**What to do**. An exact, complete printout of the listing is wanted, minus its images.

**Given information**.
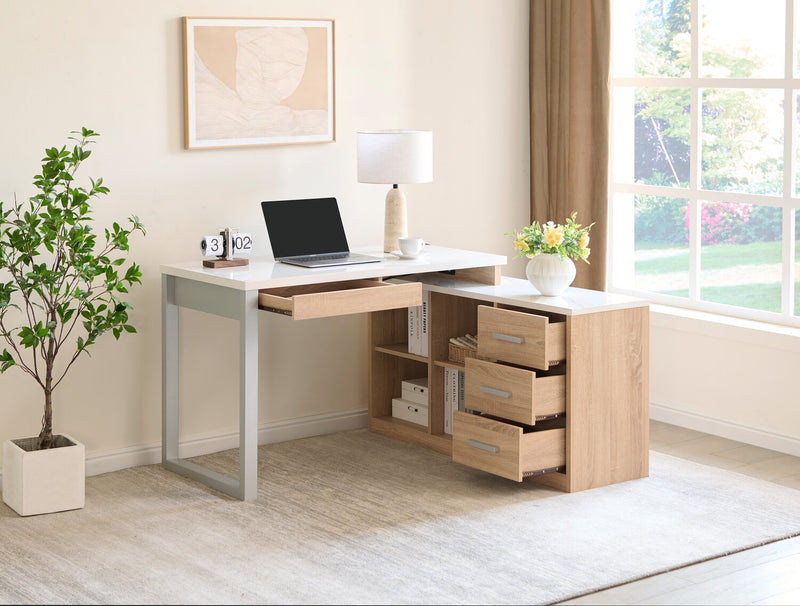 Bureau en coin réversible Owen de 55 po avec 4 tiroirs et compartiments - imitation de marbre blanc et blanc vieilli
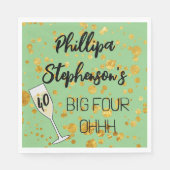 Grote Vier-Ohhh Verjaardag serviettes 40 & Fabulou Servet (Voorkant)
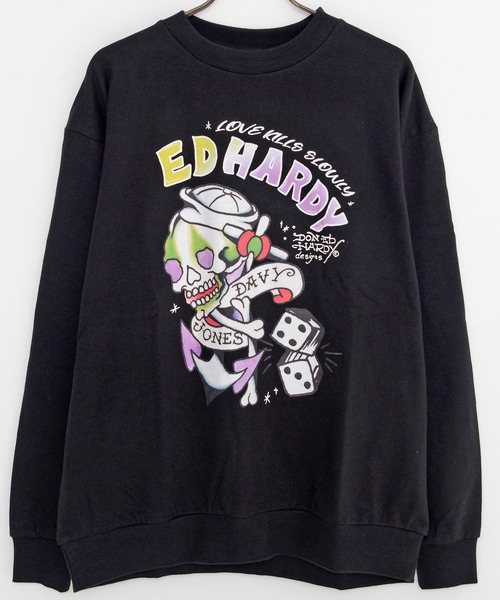 Ed Hardy(エドハーディー)の「『ED HARDY/エドハーディー』プリント長袖スウェットトレーナー3タイプ(Tシャツ/カットソー・メンズ・ブラック系2/グリーン系2/ブラック/イエロー/ブルー/ブルー系1/ブラック系1/グリーン/グリーン系1・L/M)」の10枚目の写真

**Response to the exercise**.
 Bureau en coin réversible Owen de 55 po avec 4 tiroirs et compartiments - imitation de marbre blanc et blanc vieilli
 Grote Vier-Ohhh Verjaardag serviettes 40 & Fabulou Servet (Voorkant)
 Ed Hardy(エドハーディー)の「『ED HARDY/エドハーディー』プリント長袖スウェットトレーナー3タイプ(Tシャツ/カットソー・メンズ・ブラック系2/グリーン系2/ブラック/イエロー/ブルー/ブルー系1/ブラック系1/グリーン/グリーン系1・L/M)」の10枚目の写真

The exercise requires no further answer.